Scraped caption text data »
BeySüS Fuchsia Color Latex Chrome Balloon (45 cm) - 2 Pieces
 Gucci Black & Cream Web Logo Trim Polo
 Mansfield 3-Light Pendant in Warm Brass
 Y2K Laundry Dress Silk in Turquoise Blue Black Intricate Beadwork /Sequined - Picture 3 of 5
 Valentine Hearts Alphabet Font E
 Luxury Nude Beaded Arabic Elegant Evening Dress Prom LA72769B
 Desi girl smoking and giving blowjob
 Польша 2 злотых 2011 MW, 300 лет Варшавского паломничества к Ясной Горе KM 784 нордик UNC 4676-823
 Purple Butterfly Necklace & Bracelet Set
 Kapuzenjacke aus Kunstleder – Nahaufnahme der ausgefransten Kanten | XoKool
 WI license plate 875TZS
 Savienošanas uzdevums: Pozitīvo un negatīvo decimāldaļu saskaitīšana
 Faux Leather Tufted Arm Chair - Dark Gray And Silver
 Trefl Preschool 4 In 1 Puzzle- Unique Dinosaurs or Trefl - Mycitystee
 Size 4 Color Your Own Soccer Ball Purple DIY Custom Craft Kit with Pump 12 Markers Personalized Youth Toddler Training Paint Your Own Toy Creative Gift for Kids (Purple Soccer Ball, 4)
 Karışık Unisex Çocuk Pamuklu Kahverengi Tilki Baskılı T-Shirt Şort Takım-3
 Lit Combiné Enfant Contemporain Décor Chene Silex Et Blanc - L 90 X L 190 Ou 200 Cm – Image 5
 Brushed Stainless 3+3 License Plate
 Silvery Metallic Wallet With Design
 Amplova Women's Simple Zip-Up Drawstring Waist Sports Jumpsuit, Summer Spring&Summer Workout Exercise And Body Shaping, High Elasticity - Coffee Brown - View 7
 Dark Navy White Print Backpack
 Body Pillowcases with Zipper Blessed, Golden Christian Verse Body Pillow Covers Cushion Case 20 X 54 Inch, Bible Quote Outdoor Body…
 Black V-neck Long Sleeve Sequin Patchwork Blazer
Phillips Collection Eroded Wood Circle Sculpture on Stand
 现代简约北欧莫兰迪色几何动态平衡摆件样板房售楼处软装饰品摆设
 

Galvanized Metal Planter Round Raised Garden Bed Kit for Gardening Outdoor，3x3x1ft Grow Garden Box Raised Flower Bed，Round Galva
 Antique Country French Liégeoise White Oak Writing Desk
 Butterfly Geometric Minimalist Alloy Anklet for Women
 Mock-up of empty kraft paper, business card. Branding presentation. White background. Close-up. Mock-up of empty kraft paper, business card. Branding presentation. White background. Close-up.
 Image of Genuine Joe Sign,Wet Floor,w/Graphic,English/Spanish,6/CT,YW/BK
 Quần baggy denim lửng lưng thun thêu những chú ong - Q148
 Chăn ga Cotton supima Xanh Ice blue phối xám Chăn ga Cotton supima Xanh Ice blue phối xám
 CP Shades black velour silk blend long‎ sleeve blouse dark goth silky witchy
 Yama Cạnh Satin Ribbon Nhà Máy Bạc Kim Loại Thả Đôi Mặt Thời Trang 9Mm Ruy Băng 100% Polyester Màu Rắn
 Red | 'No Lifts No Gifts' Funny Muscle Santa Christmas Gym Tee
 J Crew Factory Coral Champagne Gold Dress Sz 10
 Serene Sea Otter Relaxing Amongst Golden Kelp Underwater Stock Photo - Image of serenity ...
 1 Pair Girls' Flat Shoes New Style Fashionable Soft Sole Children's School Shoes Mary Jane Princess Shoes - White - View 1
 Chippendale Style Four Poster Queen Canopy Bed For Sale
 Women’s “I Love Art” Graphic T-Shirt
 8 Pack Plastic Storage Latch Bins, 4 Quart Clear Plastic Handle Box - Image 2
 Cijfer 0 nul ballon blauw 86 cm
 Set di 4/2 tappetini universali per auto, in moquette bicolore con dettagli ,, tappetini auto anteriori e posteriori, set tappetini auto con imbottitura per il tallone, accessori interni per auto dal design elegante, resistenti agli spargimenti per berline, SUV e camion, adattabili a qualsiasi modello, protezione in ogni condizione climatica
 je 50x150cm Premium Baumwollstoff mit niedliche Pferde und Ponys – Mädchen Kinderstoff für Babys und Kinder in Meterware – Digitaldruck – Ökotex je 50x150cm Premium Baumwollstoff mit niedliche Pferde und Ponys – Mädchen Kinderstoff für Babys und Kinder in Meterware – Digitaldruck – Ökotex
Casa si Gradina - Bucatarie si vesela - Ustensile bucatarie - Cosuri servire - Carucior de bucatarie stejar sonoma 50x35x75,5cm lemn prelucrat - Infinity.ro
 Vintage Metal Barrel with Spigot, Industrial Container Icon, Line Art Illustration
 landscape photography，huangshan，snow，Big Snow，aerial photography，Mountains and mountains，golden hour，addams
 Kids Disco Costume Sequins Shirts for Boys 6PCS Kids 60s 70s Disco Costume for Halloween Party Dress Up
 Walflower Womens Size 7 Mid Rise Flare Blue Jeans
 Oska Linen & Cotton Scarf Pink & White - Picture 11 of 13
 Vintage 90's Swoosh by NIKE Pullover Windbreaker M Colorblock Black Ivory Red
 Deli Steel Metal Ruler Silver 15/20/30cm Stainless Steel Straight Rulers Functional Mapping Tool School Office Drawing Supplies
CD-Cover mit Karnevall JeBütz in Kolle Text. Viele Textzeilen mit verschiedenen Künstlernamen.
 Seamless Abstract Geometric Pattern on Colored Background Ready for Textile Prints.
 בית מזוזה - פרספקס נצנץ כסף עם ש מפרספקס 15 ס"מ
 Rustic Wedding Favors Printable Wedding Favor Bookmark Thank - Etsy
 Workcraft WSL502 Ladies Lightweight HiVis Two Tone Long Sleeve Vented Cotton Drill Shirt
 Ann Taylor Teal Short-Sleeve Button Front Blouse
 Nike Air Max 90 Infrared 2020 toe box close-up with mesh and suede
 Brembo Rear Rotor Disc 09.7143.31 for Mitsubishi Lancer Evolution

ABOUT THIS TASK » Take the line above containing "8 Pack Plastic", the line containing "Cijfer 0 nul ballon blauw 86 cm", and all lines in between, and copy them exactly without anything else.

EXERCISE ANSWER »
 8 Pack Plastic Storage Latch Bins, 4 Quart Clear Plastic Handle Box - Image 2
 Cijfer 0 nul ballon blauw 86 cm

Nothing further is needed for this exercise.